▶ **ACTIVITY**
The listing below holds pictures; exclude them. Return exactly the lines from the one with "You will find" through the one with "As the penis".

▶ **RECORDS SUPPLIED**
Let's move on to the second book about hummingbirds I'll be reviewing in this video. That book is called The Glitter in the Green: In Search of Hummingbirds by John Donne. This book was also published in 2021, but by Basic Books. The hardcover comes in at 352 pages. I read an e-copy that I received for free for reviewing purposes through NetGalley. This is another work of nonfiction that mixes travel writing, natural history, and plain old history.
==
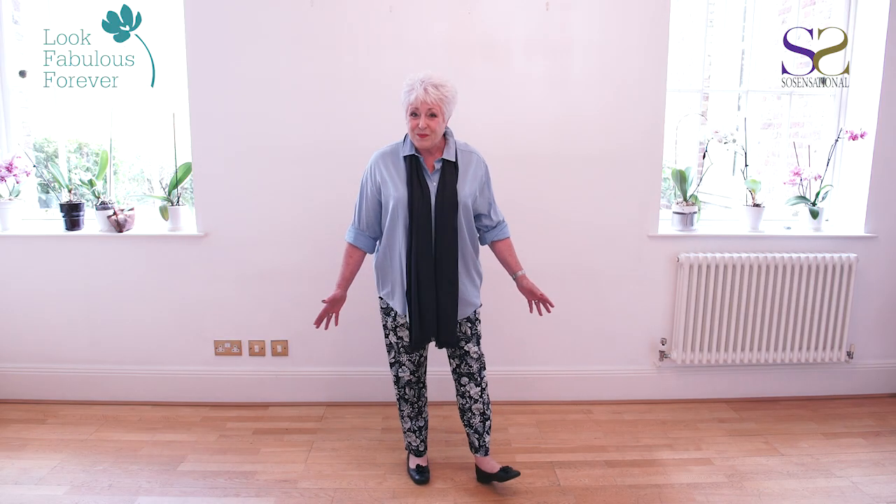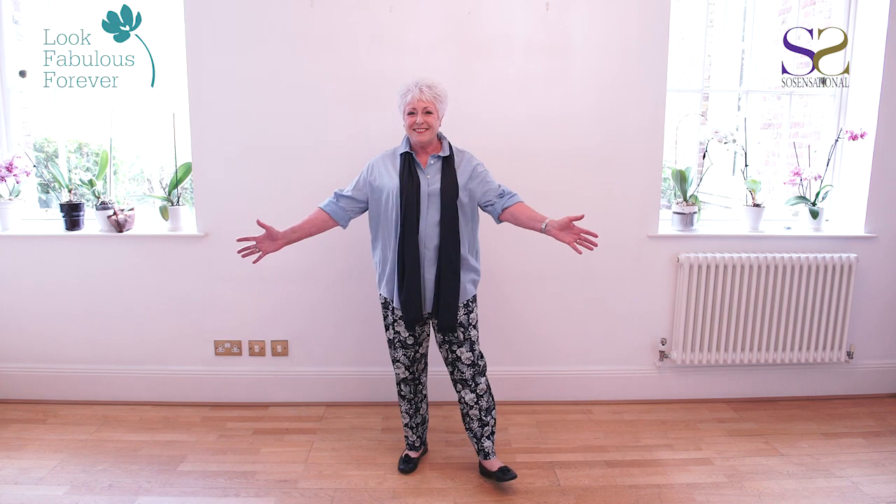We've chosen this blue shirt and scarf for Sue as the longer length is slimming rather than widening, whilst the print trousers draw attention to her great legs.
* * *
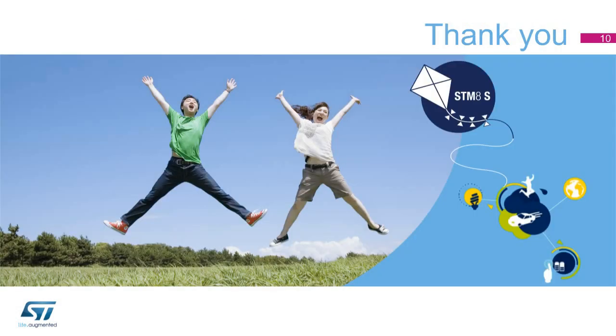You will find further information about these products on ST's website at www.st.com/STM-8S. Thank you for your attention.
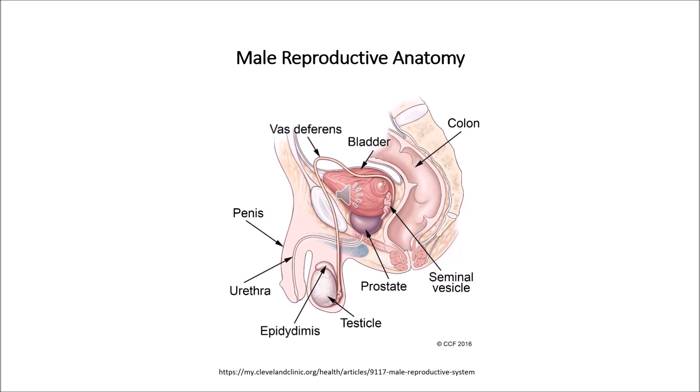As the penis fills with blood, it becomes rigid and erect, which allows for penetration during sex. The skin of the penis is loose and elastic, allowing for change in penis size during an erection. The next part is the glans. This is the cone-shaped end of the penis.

▶ **EXERCISE RESULT**
You will find further information about these products on ST's website at www.st.com/STM-8S. Thank you for your attention.
As the penis fills with blood, it becomes rigid and erect, which allows for penetration during sex. The skin of the penis is loose and elastic, allowing for change in penis size during an erection. The next part is the glans. This is the cone-shaped end of the penis.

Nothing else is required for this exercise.